Le décès de Caroline Paquin à Lowell


Caroline Paquin, la première épouse de mon arrière-grand-oncle François Martineau-Saintonge est morte d'éclampsie le 14 août 1890 à Lowell. Elle avait 42 ans. Caroline a été inscrite sous le patronyme de St Onge dans le registre des décès de la ville.


La famille, originaire de Saint-Paulin dans le comté de Maskinongé, était à Lowell depuis moins d'un an au moment du décès. Caroline avait déjà mené à terme douze grossesses et il lui restait huit enfants vivants.

L'éclampsie


Les chercheurs qui parcourent les registres paroissiaux anciens rencontrent souvent des actes de sépultures de jeunes femmes mariées. Une des principales causes de ces décès était l'éclampsie chez la femme enceinte.

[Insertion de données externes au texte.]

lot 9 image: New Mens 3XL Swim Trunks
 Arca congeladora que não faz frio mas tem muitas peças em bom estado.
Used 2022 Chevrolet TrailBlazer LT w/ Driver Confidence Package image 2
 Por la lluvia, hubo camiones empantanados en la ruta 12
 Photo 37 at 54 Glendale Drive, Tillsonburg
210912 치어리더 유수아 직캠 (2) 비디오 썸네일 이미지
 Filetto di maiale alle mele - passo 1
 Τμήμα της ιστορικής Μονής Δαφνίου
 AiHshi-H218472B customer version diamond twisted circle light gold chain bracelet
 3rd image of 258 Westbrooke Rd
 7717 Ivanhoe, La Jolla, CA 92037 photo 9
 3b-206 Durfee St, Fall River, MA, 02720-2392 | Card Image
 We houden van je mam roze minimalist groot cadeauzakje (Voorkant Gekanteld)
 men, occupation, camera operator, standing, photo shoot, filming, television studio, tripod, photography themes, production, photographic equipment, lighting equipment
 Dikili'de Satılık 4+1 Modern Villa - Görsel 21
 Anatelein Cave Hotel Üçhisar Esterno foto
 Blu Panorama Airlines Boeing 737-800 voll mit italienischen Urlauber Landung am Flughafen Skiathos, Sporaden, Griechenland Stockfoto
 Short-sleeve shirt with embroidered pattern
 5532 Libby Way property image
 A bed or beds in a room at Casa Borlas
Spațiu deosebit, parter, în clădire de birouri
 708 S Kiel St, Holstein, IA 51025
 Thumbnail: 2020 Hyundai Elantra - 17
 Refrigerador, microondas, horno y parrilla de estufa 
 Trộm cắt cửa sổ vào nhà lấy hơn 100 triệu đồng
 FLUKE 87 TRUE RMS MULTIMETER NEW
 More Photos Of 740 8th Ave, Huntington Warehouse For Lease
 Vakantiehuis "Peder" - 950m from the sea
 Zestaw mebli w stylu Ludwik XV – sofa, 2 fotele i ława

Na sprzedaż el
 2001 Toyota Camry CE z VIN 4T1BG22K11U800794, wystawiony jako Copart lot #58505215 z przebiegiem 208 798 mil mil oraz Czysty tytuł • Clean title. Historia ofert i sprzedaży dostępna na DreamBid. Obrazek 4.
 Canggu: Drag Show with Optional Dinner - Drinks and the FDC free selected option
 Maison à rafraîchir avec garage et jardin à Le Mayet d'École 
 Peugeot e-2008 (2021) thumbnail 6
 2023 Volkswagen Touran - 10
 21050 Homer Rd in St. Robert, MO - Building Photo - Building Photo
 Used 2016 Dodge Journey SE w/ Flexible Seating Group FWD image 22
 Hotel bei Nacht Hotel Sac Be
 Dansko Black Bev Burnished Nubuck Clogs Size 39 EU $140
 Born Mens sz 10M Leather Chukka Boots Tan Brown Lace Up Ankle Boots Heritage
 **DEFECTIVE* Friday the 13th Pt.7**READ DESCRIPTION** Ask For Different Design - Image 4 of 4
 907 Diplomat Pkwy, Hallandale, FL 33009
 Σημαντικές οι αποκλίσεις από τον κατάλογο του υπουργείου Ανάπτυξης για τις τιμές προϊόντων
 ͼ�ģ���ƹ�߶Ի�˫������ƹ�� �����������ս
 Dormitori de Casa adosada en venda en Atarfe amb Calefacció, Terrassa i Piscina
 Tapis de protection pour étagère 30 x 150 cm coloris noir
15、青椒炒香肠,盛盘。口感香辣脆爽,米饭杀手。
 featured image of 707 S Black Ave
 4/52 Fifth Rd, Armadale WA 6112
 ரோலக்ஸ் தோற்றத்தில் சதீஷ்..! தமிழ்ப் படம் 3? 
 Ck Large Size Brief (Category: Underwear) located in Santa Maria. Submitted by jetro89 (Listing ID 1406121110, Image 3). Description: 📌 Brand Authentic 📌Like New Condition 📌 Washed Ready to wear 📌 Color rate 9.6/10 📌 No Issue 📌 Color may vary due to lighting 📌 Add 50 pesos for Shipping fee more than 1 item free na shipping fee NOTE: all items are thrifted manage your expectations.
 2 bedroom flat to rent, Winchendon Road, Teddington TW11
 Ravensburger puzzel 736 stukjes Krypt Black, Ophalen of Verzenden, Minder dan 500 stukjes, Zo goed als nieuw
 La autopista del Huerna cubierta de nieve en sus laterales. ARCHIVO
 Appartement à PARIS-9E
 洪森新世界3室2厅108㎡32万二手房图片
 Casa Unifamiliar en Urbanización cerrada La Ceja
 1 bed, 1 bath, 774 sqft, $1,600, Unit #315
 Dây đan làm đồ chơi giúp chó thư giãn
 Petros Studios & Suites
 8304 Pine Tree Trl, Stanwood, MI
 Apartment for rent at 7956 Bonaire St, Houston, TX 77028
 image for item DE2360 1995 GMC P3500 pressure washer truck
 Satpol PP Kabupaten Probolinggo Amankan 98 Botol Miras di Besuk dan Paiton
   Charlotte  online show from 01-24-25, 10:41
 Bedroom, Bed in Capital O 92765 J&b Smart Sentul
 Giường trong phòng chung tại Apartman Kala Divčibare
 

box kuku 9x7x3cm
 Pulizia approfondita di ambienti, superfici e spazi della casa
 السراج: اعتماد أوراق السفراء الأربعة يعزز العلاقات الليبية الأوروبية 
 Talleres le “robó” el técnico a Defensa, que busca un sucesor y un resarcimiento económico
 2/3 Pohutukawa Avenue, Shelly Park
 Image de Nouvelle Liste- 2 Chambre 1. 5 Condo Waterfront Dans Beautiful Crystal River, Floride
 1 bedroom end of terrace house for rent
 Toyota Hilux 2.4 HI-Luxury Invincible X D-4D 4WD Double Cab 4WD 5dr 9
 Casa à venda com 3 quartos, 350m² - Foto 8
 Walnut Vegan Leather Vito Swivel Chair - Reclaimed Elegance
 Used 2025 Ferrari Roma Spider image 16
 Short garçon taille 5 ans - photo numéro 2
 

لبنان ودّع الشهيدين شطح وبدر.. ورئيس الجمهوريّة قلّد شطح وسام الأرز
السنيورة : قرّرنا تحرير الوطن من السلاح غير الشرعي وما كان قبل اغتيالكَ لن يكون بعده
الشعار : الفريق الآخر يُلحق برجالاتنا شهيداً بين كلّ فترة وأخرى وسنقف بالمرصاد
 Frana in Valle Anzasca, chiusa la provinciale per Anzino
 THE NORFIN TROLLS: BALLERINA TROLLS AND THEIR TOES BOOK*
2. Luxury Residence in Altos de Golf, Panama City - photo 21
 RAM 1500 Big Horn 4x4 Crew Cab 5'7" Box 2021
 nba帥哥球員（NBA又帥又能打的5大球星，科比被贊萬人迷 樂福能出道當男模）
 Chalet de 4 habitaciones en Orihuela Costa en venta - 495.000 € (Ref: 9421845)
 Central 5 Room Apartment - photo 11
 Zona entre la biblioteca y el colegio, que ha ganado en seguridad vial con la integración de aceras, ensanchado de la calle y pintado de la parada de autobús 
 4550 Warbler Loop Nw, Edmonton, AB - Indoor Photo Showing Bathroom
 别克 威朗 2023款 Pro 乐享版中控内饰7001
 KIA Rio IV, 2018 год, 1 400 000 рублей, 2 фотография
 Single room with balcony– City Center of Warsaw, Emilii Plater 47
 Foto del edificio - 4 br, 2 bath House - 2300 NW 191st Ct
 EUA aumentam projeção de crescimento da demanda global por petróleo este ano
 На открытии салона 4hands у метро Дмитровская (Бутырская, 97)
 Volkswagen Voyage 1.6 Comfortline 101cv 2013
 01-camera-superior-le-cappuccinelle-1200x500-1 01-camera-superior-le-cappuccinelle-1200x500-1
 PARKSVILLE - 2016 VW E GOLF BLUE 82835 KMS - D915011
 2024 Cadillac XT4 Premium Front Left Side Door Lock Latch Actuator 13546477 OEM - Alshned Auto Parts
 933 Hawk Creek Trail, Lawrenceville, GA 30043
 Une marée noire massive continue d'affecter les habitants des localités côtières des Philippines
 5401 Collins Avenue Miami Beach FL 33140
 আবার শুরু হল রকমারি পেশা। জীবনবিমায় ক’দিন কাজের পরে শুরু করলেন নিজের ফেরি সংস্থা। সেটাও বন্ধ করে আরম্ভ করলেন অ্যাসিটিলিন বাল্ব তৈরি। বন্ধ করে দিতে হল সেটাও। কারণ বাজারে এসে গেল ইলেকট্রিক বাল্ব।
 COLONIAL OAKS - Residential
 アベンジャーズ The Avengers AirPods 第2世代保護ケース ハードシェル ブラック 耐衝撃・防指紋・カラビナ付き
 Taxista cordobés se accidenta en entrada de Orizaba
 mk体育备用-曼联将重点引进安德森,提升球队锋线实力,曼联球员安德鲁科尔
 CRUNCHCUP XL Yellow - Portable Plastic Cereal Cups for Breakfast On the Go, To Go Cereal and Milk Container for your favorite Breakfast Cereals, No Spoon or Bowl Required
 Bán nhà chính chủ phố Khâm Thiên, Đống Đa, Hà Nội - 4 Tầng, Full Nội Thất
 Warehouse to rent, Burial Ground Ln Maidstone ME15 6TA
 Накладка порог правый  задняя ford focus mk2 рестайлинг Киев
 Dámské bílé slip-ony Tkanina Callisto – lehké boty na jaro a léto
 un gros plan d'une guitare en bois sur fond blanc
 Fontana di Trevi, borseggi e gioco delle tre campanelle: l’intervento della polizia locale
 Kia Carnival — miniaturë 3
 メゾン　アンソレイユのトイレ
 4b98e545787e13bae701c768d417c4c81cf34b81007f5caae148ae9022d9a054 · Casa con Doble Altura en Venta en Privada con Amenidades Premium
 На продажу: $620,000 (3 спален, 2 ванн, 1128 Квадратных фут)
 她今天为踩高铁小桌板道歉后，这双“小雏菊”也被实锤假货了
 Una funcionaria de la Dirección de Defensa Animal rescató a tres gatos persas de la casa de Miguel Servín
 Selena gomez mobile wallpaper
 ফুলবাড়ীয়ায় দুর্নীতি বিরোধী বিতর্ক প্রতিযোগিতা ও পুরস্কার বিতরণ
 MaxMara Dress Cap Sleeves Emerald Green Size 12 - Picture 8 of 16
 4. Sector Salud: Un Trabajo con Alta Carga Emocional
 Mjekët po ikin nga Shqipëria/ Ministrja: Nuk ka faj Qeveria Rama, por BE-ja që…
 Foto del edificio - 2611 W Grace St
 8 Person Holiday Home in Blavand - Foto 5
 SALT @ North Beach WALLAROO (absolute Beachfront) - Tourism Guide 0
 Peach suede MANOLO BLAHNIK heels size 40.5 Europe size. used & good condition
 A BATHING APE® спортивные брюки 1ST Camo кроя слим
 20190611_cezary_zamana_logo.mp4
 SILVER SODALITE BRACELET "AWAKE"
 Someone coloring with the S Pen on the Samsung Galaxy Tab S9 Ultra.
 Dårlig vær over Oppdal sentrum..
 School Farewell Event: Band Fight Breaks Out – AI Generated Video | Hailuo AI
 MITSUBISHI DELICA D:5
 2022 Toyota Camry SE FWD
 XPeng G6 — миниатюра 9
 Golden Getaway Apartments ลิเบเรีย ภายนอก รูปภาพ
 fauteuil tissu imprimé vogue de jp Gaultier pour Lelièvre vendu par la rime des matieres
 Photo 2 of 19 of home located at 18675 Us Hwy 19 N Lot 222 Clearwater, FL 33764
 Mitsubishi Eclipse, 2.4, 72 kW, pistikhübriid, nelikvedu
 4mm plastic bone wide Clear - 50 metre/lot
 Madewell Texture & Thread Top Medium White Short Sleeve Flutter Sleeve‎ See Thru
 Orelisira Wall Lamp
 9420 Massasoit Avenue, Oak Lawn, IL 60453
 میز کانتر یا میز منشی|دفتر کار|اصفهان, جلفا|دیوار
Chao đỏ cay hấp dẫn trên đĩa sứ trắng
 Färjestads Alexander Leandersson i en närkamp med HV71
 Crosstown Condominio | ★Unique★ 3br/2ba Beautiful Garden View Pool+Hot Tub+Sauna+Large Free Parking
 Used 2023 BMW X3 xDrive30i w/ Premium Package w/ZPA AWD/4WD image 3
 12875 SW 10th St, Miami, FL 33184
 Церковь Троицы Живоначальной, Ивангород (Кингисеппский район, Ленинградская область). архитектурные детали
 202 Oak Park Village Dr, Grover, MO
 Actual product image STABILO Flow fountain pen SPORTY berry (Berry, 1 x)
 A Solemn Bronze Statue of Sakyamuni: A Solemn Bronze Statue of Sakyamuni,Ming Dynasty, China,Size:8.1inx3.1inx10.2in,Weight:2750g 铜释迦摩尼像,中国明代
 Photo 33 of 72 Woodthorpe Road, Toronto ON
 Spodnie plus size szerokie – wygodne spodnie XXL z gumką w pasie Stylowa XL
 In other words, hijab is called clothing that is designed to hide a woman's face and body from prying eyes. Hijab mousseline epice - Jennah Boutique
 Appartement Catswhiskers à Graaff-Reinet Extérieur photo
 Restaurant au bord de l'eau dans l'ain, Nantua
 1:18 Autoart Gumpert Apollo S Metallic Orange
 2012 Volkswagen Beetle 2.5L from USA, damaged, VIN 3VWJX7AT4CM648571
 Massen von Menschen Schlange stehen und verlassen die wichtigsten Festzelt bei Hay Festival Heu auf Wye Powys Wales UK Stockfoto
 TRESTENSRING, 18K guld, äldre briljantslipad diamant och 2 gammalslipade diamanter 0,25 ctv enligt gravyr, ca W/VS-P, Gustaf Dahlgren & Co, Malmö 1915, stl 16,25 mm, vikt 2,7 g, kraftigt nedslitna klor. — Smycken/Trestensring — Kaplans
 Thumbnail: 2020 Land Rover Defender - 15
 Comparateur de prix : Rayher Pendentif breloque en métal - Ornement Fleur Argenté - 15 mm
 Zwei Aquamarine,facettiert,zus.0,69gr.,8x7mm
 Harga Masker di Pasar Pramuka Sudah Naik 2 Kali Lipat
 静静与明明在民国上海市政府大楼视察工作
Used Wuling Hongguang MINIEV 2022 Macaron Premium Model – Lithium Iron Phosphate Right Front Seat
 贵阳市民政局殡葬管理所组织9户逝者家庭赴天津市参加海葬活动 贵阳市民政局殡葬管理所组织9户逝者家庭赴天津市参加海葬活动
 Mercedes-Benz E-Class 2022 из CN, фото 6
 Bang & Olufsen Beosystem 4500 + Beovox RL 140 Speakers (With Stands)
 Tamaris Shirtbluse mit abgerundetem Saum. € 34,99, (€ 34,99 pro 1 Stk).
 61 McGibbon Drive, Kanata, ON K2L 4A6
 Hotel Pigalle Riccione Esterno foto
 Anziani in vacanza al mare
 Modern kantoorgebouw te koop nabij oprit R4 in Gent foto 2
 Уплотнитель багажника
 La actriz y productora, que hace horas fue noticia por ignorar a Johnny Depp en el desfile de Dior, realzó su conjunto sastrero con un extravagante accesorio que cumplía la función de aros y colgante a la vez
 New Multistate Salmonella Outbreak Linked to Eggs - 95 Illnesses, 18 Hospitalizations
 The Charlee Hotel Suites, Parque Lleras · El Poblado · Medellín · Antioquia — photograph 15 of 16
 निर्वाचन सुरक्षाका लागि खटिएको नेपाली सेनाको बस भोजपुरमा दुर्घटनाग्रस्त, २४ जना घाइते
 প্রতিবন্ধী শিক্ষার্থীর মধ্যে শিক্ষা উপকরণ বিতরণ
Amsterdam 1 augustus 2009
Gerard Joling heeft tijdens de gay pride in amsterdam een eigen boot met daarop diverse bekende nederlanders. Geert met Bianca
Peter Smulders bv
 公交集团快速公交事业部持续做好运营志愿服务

L'éclampsie est une crise convulsive généralisée due à l'hypertension. La malade atteinte peut mourir en quelques heures seulement. La seule façon de la traiter est d'interrompre la grossesse. Une première grossesse ou un âge maternel supérieur à 40 ans sont parmi les principaux facteurs de risque.

La mortalité due à l'éclampsie est maintenant plutôt rare dans les pays riches, mais demeure fréquente dans certains pays d'Afrique.

Chercher de l'aide 


Le décès de Caroline laissait François seul avec huit enfants. Puis Diana, la plus jeune de ses filles, est décédée deux mois après sa mère. La situation était devenue intenable pour lui.

Il est retourné à Saint-Paulin, sa paroisse d'origine du comté de Maskinongé, sans doute pour chercher de l'aide auprès de la famille. En 1891, il a été recensé au lieu-dit Hunterstown, un hameau situé un peu à l'ouest du village de Saint-Paulin sur la Rivière-du-Loup.

Ce n'était que partie remise. François Martineau-Saintonge était de retour à Lowell le 18 février 1892, jour de son second mariage avec Aurélie Bergeron.